Los Angeles County Dist. Atty. Ira Reiner should leave the issue of chloramines alone until the federal government releases its study of the long-term health effects of the chemical sometime next year.
Reiner and his special assistant for occupational safety and health, Jan Chatten-Brown, have accused Metropolitan Water District officials of misleading the public on the safety of chloramines, a new chemical purifier being introduced into the Met system. Whatever evidence exists about the safety of chloramines supports the water district, and Reiner's unnecessary alarmism is more misleading than the Met's literature.
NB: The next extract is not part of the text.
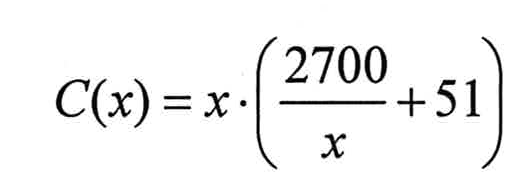 Fórmula: C(x) igual a x vezes, entre parênteses, 2700 dividido por x, mais 51.
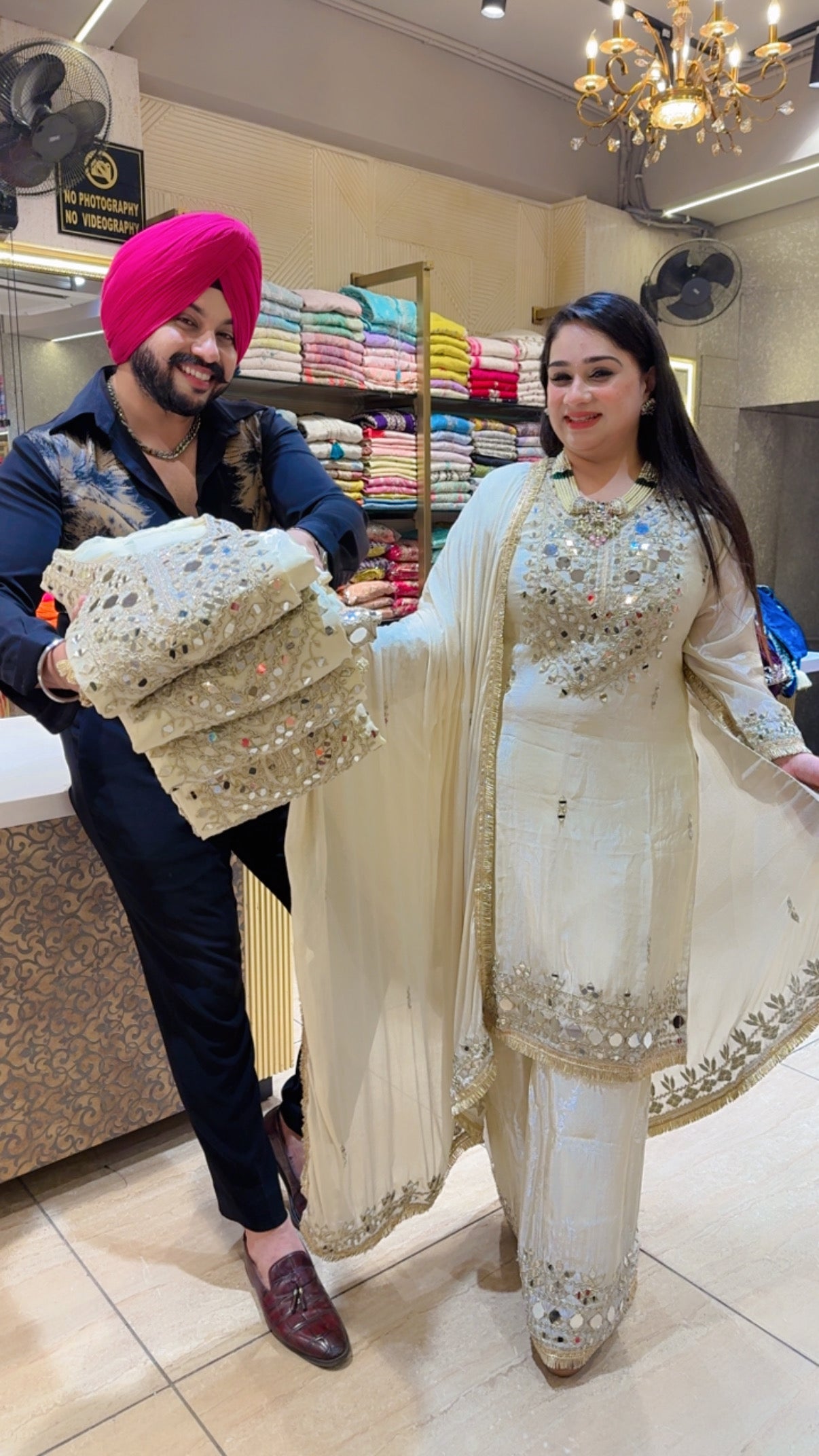 Ivory Colour Shimmer Silk Heavy Embroidered & Mirror work Straight Suit with Heavy Plazo & Duppata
Reiner says that recent scientific studies show chloramines to be potentially dangerous to infants and people with low stomach acids. These studies, however, are inconclusive, and it seems highly unlikely that doctors and health officials in cities that have used chloramines for 60 years would not have noticed adverse effects on infants by now. Chloramines does pose a serious threat to kidney-dialysis patients, but dialysis centers and personal physicians here and around the country have learned to filter chloramines from the water. If chloramines does indeed adversely affect another group of at-risk people, that group's water also could be treated.
Reiner challenged the Met because it used the word safe in its pamphlet to customers to describe chloramines. The district relies on state and federal regulations to guide policy decisions, and those regulations say that the use of chloramines is "a safe and effective means of disinfection." Reiner's studies do not by any means prove that chloramines is unsafe.